Pope Francis has signed off on a married man's decision to join the priesthood in the Maronite Catholic Church.
Deacon Wissam Akiki, of St. Louis, Mo., who is married and has a daughter, was expected to be ordained on Thursday night, in a the Maronite church. The sect of the Eastern Catholic Christianity originated in the fifth century in what is now modern-day Lebanon.
While married priests are common within in the Maronite Catholic Church overseas, says St. Raymond's Chancellor Louis Peters, marriage for religious leaders was banned in the U.S. in the 1920s.
According to the church's American spokesperson, the Pope did not reverse the ban but merely made an exception for Akiki.
The church's namesake, St. Maron, was a hermit, who "by his holiness and the miracles he worked, attracted many followers." After his death, Maron's "monastic disciples built a large monastery in his honor." Other monasteries were subsequently founded.
The Maronite church is unique in its identity because it never severed its bond with the Vatican, even as other Eastern churches splintered or broke off at various times from Rome.
While the church first arose in the Middle East, many Maronites now live in the United States.

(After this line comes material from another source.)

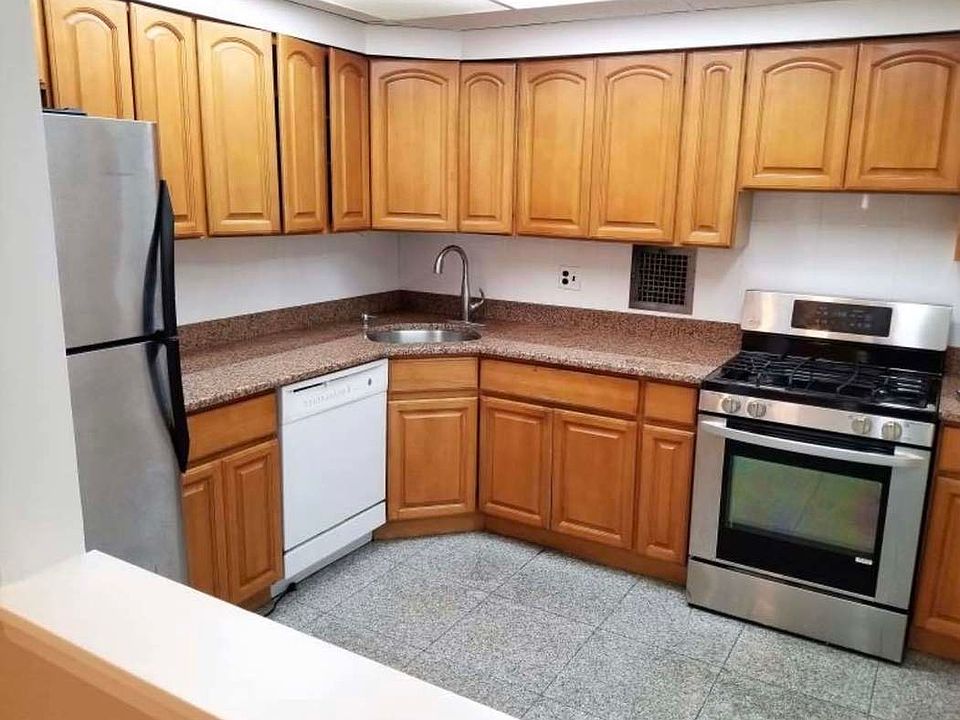 1st image of 41-20 40th St #2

Many of those once-affiliated with the church have adopted Western Catholicism, as priests and churches practicing their strain of Christianity have not always been available.
The Catholic Church did not mandate priesthood celibacy until the Middle Ages, a practice that was initially instituted to fight nepotism, as many church leaders gave "preference to their sons for plum positions and [tried] to edge out the competition to protect their legacy."
A church council affirmed the ban on marriage in 1139 A.D. and reaffirmed its tradition in 1563 at the Council of Trent.
Today, the only Catholic priests that are married are those in Eastern rite churches and Episcopalian and Lutheran priests who were married before converting to Catholicism.
There are about 3.29 million Maronite Catholic Church members globally.